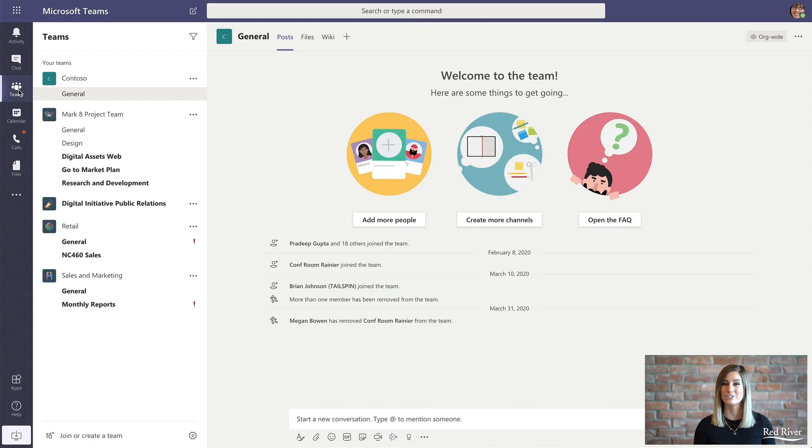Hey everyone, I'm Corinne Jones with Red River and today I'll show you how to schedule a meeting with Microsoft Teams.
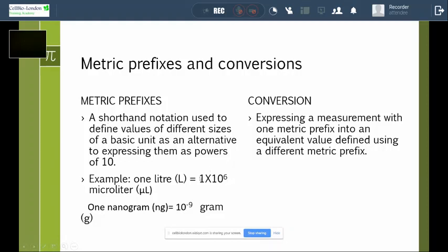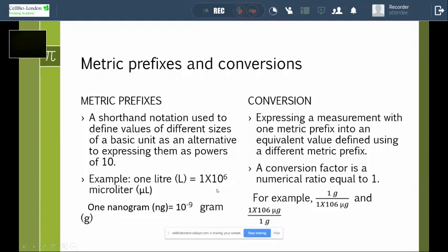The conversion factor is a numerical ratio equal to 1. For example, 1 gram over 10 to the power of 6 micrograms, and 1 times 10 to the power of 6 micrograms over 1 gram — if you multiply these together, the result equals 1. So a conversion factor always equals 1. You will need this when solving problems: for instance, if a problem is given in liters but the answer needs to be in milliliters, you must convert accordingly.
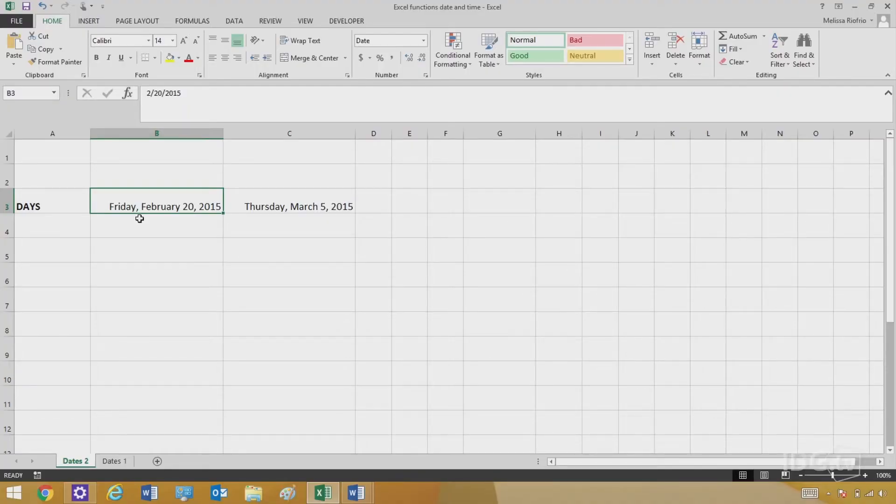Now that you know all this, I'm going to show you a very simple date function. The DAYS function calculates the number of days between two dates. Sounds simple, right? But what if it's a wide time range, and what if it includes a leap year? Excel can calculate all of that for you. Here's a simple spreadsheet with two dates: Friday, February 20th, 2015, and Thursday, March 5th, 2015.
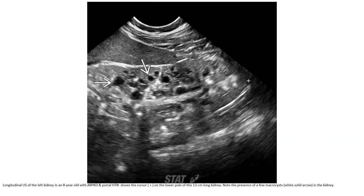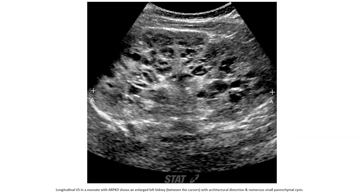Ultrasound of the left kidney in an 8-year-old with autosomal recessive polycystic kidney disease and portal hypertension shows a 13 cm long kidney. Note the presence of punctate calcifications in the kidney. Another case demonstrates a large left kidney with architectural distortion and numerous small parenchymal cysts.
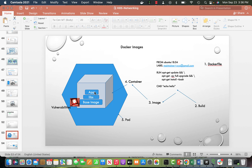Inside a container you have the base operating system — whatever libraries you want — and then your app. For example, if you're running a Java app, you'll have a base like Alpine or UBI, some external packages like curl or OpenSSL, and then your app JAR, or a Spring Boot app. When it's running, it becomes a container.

------------

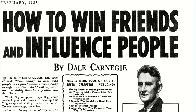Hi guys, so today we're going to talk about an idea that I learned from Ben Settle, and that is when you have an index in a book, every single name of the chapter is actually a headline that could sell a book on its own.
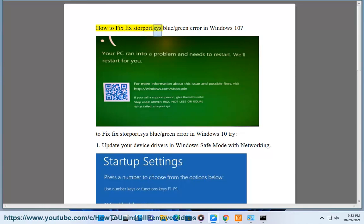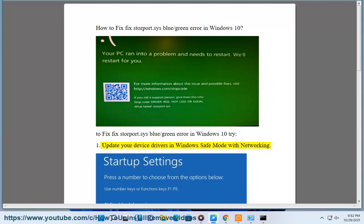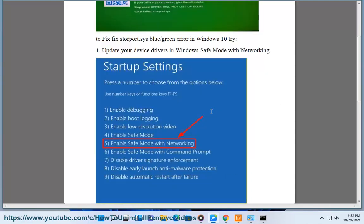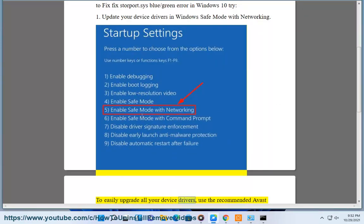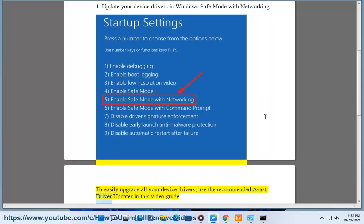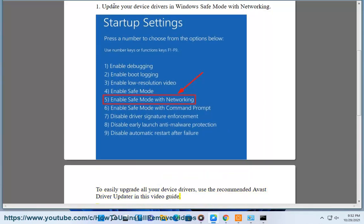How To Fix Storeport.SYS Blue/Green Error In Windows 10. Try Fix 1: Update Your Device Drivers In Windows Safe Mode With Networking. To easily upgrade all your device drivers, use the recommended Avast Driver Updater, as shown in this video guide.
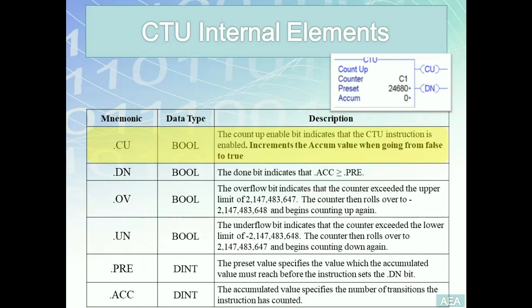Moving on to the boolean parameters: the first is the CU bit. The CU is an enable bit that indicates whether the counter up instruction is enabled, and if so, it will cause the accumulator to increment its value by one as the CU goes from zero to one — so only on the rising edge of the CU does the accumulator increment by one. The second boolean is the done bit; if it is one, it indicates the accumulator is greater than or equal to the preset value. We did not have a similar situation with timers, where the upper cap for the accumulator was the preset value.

------------

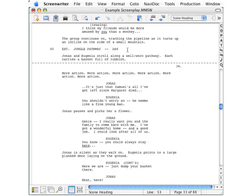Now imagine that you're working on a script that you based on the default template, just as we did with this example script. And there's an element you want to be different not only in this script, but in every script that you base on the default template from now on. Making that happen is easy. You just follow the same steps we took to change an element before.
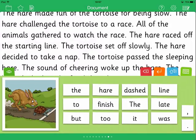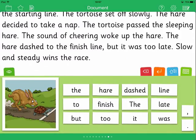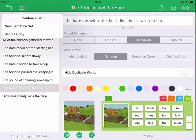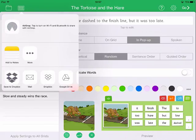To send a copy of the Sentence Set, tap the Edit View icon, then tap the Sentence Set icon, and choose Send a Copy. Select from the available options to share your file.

------------

◆ **WHAT NEEDS TO BE DONE**:
Repeat exactly, and only, the entries from the line with "Hey everyone, I'm" through the line with "Ultrasound of the". Pictures are skipped.

◆ **THE ANSWER**:
Hey everyone, I'm Corinne Jones with Red River and today I'll show you how to schedule a meeting with Microsoft Teams.
The conversion factor is a numerical ratio equal to 1. For example, 1 gram over 10 to the power of 6 micrograms, and 1 times 10 to the power of 6 micrograms over 1 gram — if you multiply these together, the result equals 1. So a conversion factor always equals 1. You will need this when solving problems: for instance, if a problem is given in liters but the answer needs to be in milliliters, you must convert accordingly.
Now that you know all this, I'm going to show you a very simple date function. The DAYS function calculates the number of days between two dates. Sounds simple, right? But what if it's a wide time range, and what if it includes a leap year? Excel can calculate all of that for you. Here's a simple spreadsheet with two dates: Friday, February 20th, 2015, and Thursday, March 5th, 2015.
Ultrasound of the left kidney in an 8-year-old with autosomal recessive polycystic kidney disease and portal hypertension shows a 13 cm long kidney. Note the presence of punctate calcifications in the kidney. Another case demonstrates a large left kidney with architectural distortion and numerous small parenchymal cysts.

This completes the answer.